Religious Adaptation
"Religious belief itself is an adaptation"
Sociobiology founder Edward O. Wilson explains why we're hard-wired to form tribalistic religions, denies that "evolutionism" is a faith, and says that heaven, if it existed, would be hell.
By Steve Paulson
For a man who's obsessed with tiny critters, Edward O. Wilson has a strange knack for stirring up controversy about life's biggest questions. The Harvard biologist is a renowned expert on insects, co-author of the Pulitzer Prize-winning book "The Ants." But it was his seminal 1975 book "Sociobiology," which laid the groundwork for the new field of evolutionary psychology, that made Wilson a scientific luminary -- and a major intellectual force in America. That book, along with its Pulitzer Prize-winning sequel, "On Human Nature," argued that many human behaviors -- including aggression, altruism and hypocrisy -- are shaped by evolution. Wilson's tilt toward nature in the age-old nature/nurture debate may have put him on the map, but it also made plenty of enemies. Fellow Harvard biologists Stephen Jay Gould and Richard Lewontin denounced sociobiology, saying it provided a genetic justification for racism and Nazi ideology. Wilson's classes were picketed.

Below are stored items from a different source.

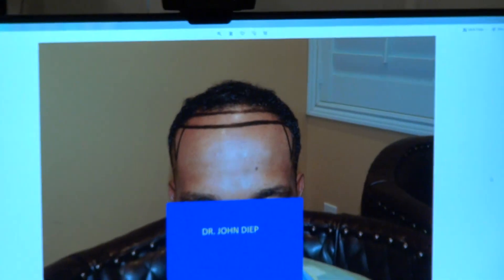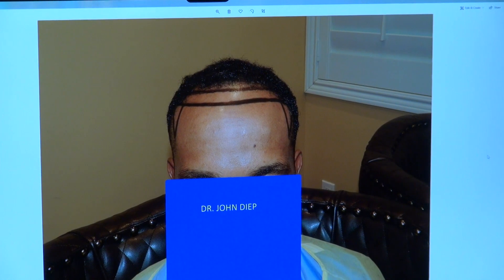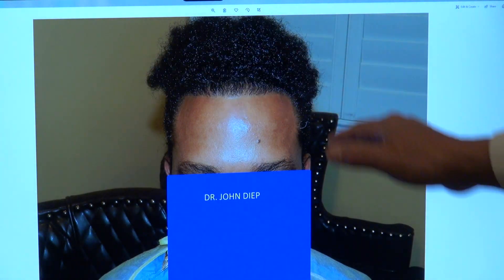What we did: we lowered the hairline and broadened both temples. This is where he was before. As I mentioned, you need both an artist and a surgeon to give you the best result. So this is where he was, and we lowered the hairline and broadened the temple and have a nice perfect hairline.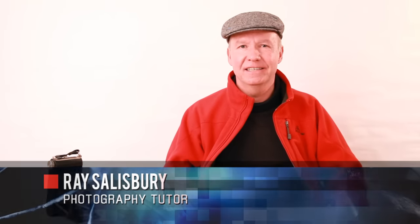Hi, I'm Ray Salisbury, a photography tutor from Nelson, New Zealand. You are about to learn 10 things that will help you fast track your landscape photography. But first, here's a condensed version of the coming video.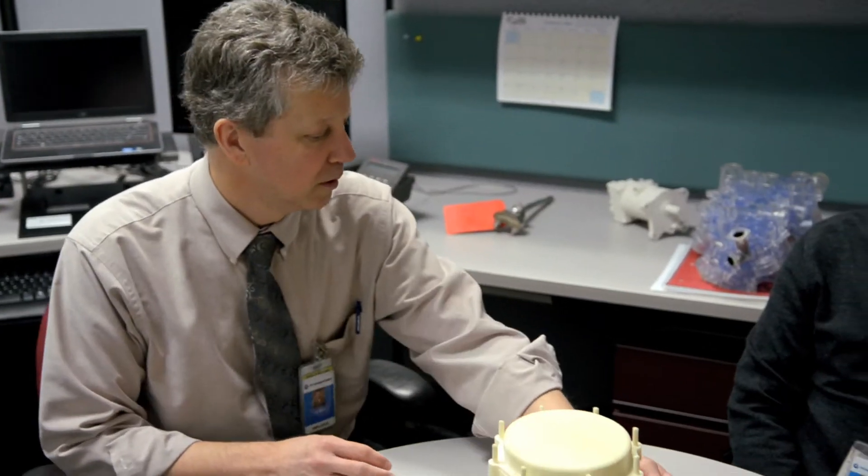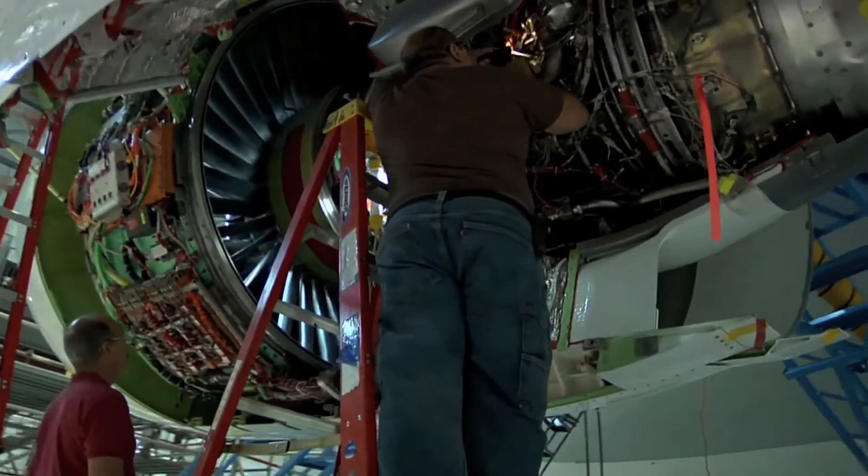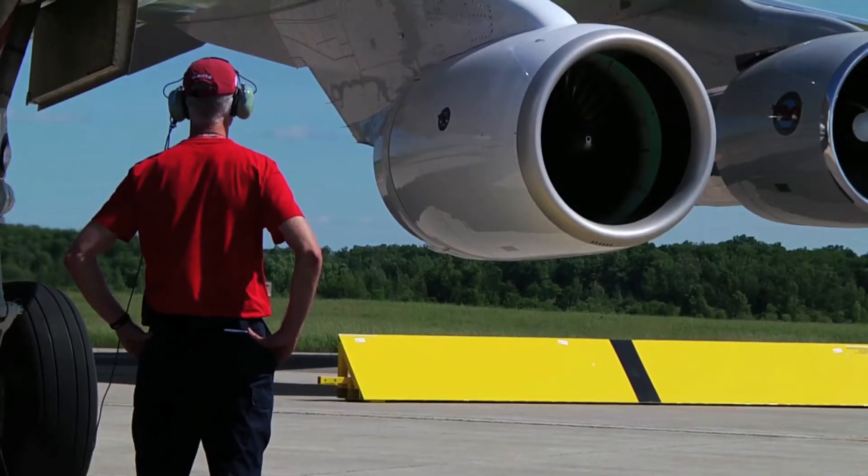Jim Elder is the program chief engineer on the PW1500 geared turbofan engine, which is to power the Bombardier C-Series aircraft. As chief engineer, Jim brings a keen intellect and strong analytical thinking skills, which provides guidance to the team to ensure we're providing robust, solid solutions that's going to meet our customer commitments. Jim brings a wealth of experience — he's been through the battle before, so he knows the process. He provides pragmatism and key decision-making to bring home the requirements and the execution on the certification test program.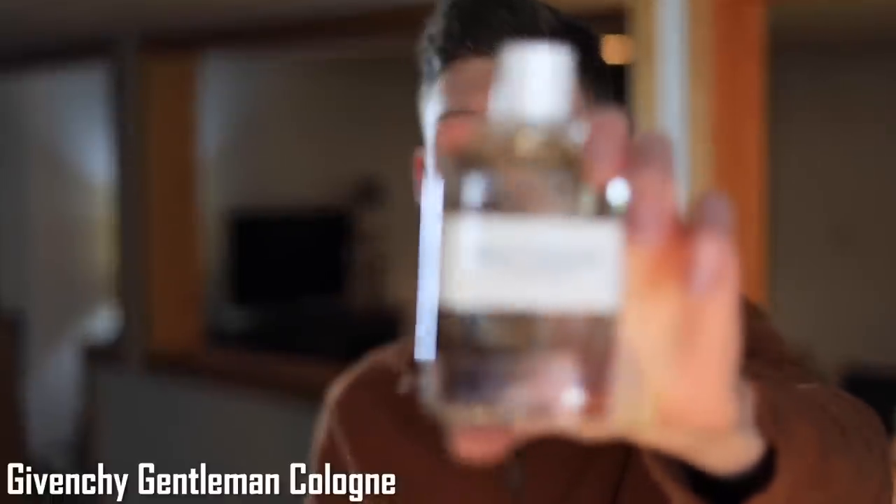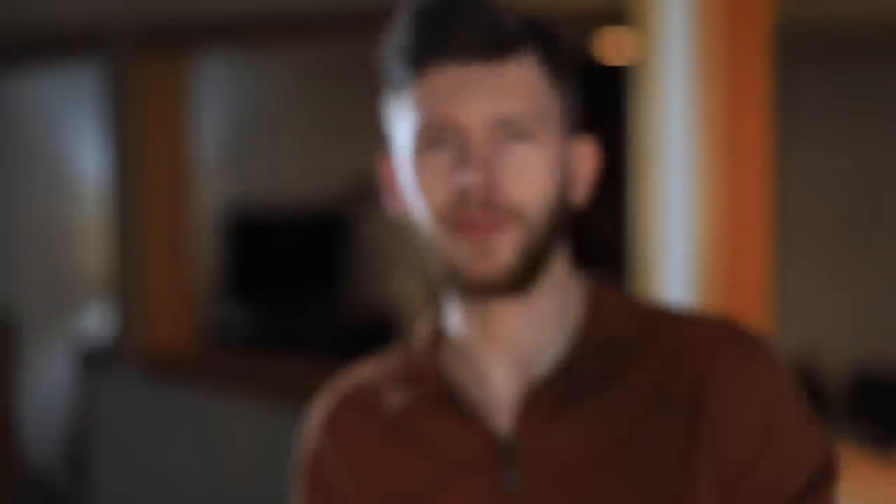Starting with spring, I'm going with Givenchy Gentleman Cologne. One of the many flankers, this one is going to be the freshest of all of them. If you're familiar with Givenchy Gentleman EDP, EDP Boisée, or Absolute, those are sweeter, spicier, and warmer — but this one is a proper cologne version. We've seen other brands do similar things: Dior Homme Cologne, Chanel Allure Homme Sport Cologne, Eau Sauvage Cologne. A lot of brands will do a very fresh, citrus-forward version, and this is Givenchy's take on it for the Gentleman line, and it's outstanding.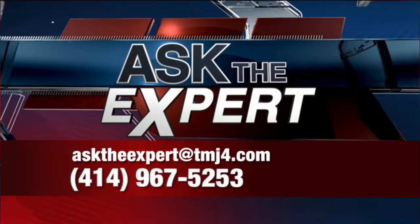Get more cauliflower in your life! It's all online. If you have a question for our experts, email them at asktheexpert@todaystmj4.com or give us a call.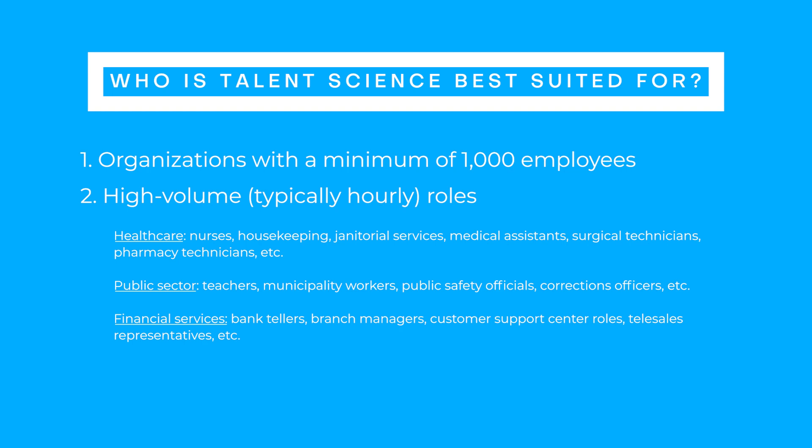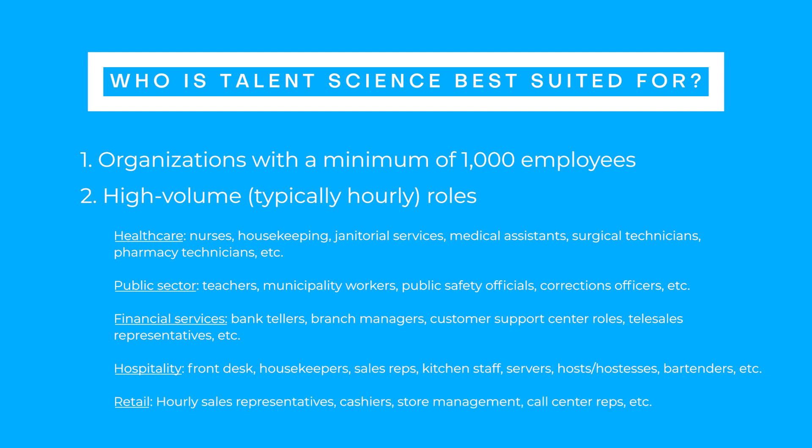Financial services: bank tellers, branch managers, customer support center roles, telesales representatives, etc. Hospitality: front desk, housekeepers, sales reps, kitchen staff, servers, hosts or hostesses, bartenders, etc. And retail: hourly sales representatives, cashiers, store management, call center reps, etc.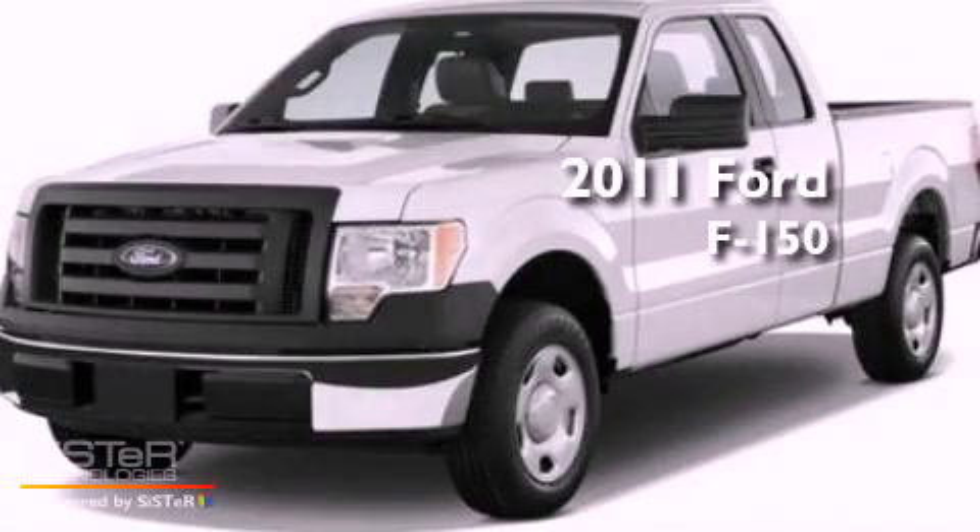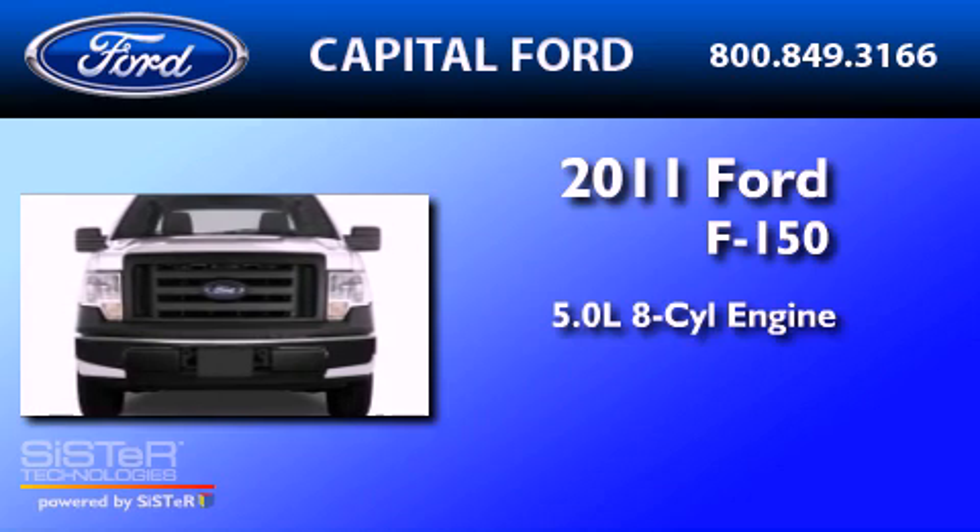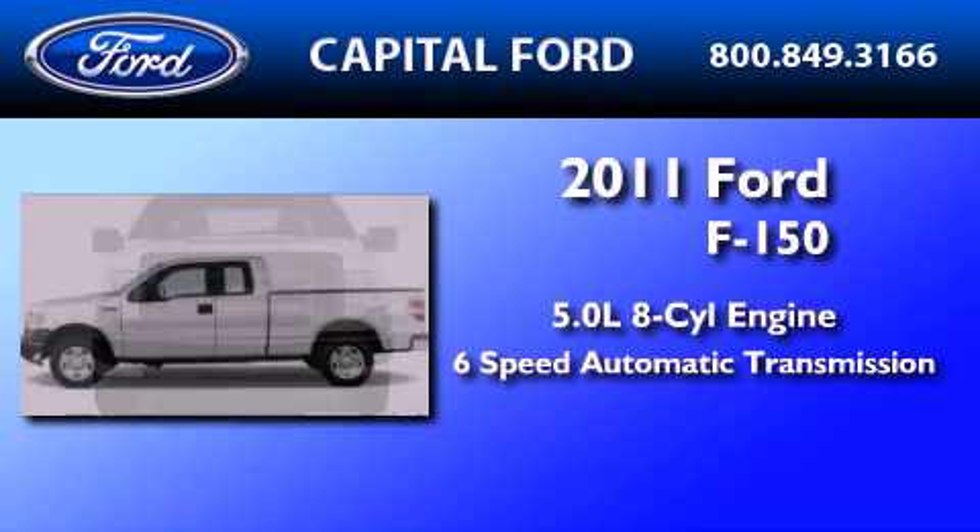This is a brand new 2011 Ford F-150. It has a 5.0-liter 8-cylinder engine and a 6-speed automatic transmission.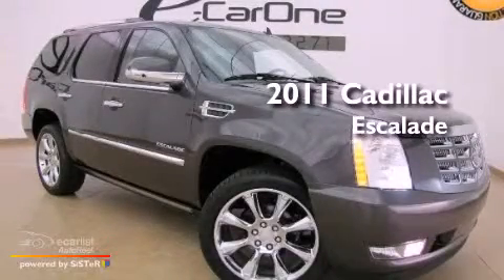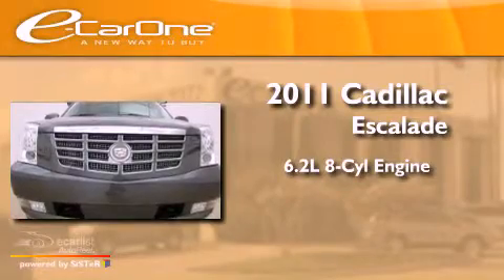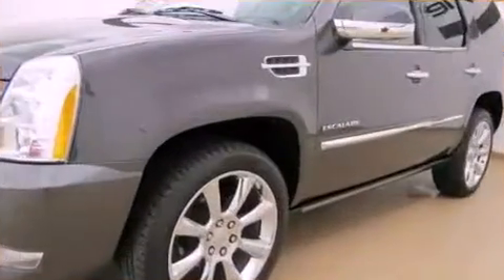This is a 2011 Cadillac Escalade. It has a 6.2-liter, eight-cylinder engine, an automatic transmission, and all-wheel drive.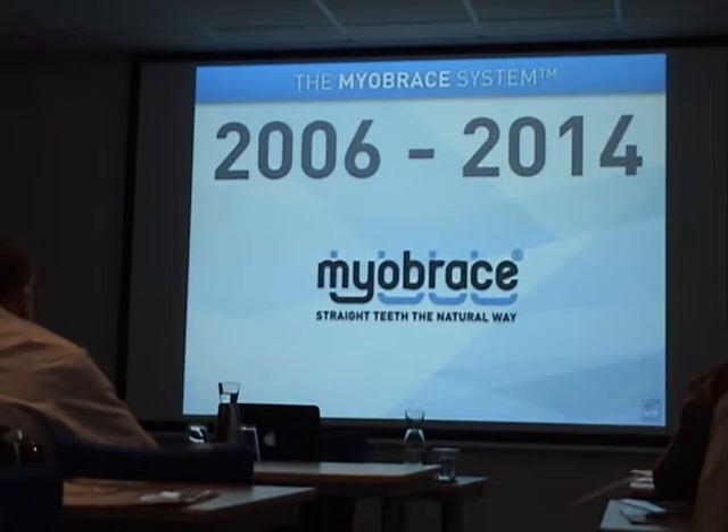In 2006 we introduced the first Myobrace appliances. And now in 2014 we have a full Myobrace system with five different series of appliances.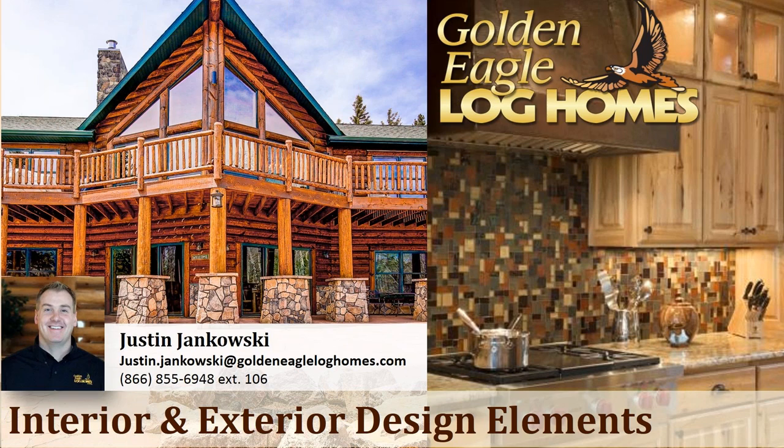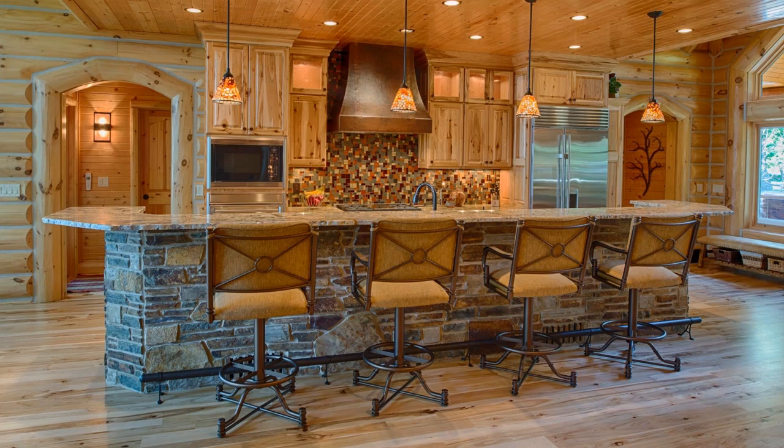Thanks, Zach. I want to thank everybody for taking time out of their schedule to attend the seminar. I spent most of my career here at Golden Eagle Log Homes in the design and engineering department. I have a degree in residential and light commercial design. A little background about Golden Eagle Log Homes: we've been in business for 51 years, family owned ever since, and we've built over 5,000 homes in 49 states. We do half log, full log, timber frame — any wood structure type of home we'll build and design.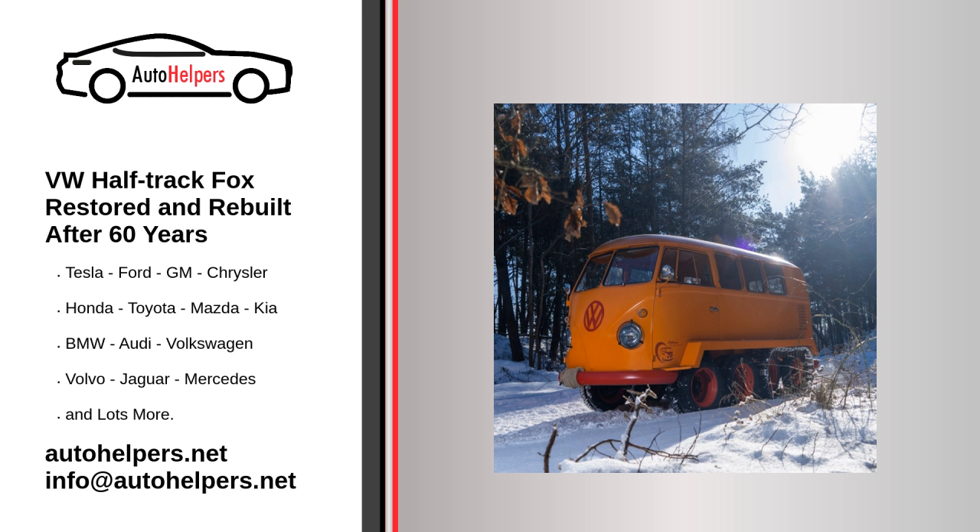The half-track Fox kept a low profile before being purchased by the Porsche Museum of Gmuend, Austria — not to be confused with Porsche's official museum in Zuffenhausen, Germany — and was later sold to Bullcat A.E.V., a group of microbus enthusiasts, in 2005. This group started a restoration that was never completed. The half-track Fox was then sold to VW in 2018, and is now part of the heritage collection of its commercial vehicle division.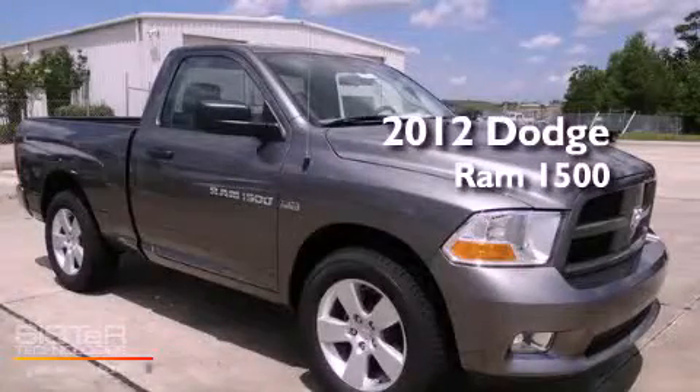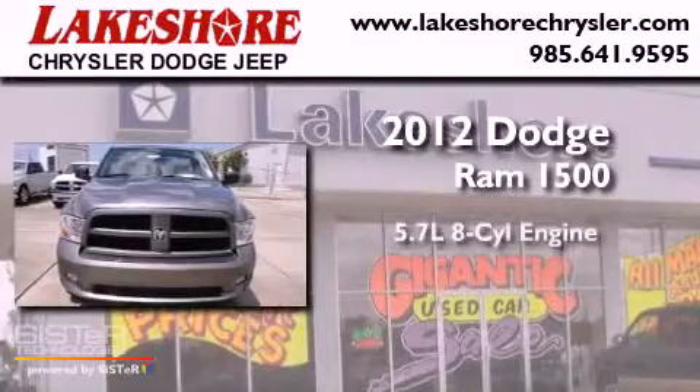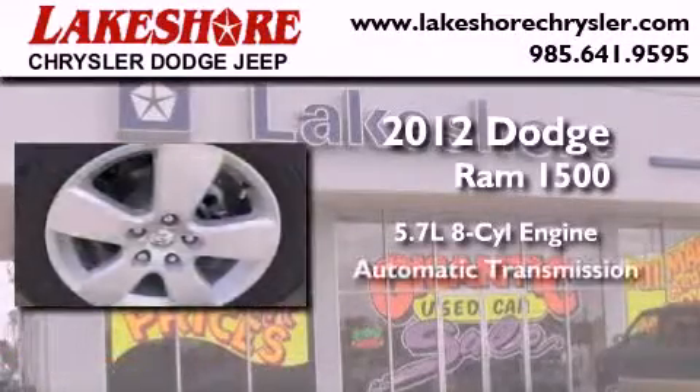This is a brand-new 2012 Dodge Ram 1500. It has a 5.7-liter 8-cylinder engine and an automatic transmission.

In one famous incident, demonstrators at a scientific meeting stormed the stage where he was speaking and dumped a pitcher of water over his head, chanting, "Wilson, you're all wet!"Over the years, sociobiology -- once so controversial -- became a widely accepted branch of science. Ultimately, Wilson won the National Medal of Science for his scholarship. And his own popularity soared when he emerged as a champion of biodiversity and a passionate advocate for endangered species. His 1992 book "The Diversity of Life" became a bestseller. But he stirred up more trouble in the late '90s with another book, "Consilience." This was his attempt to outline a unified theory of knowledge, which had the effect of elevating science at the expense of religion and the arts. In his view, knowledge of the world ultimately comes down to chemistry, biology and -- above all -- physics; people are just extremely complicated machines. Wendell Berry, among other critics, railed against Wilson's scientific reductionism, calling it a "modern superstition."